For one dimensional data, compute a probability density of the feature and use the inf-norm, 1-norm, or earth-mover’s distance.
KL divergence and KS test are less useful as they try to return a p-value for the likelihood the data distributions are not the same. When you have lots of data, very small p-values will be outputted for small shifts. This often makes it difficult to determine a p-value that indicates a degradation in model performance.
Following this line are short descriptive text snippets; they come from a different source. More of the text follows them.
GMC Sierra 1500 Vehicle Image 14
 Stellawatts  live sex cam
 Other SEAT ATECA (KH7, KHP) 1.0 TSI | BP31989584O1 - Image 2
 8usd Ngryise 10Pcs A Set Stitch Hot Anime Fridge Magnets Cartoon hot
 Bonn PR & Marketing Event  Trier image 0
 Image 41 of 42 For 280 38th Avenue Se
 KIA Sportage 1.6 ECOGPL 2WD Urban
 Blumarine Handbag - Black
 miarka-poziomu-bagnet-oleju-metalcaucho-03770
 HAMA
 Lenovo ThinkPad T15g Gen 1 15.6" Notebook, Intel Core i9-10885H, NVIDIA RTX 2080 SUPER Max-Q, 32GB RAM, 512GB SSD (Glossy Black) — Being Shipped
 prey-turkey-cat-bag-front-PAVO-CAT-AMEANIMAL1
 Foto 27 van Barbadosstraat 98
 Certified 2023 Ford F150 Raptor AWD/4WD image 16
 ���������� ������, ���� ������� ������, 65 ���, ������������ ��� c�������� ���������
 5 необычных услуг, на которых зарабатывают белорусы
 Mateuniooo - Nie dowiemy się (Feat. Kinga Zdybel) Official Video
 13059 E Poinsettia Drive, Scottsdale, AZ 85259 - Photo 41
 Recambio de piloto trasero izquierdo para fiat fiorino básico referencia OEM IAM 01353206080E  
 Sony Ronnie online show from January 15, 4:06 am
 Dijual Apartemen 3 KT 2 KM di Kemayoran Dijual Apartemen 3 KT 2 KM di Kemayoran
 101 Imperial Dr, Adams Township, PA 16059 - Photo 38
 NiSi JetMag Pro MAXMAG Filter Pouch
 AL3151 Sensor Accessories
Further details can be found here.
For high-dimensional data, explore methods like maximum mean discrepancy (these can be challenging to interpret) or projections to reduce the dimensionality of the features. analytical projections (e.g., mean pixel value, length of sentence, or any other function), random projections (e.g., linear), and statistical projections (e.g., autoencoder or other density models, T-SNE).

Challenges:

Models can be robust to some degree of distribution drift.
Practically, measuring distribution drift requires careful window sizing, data retention, metric selection, and defining projections for lower-dimensional analysis.

System Metrics

These don’t tell you anything about how the model is actually performing, but they can tell you when something is going wrong. Further, it is important that you utilise the resources that you pay for. Therefore, monitor CPU utilization and GPU memory usage etc.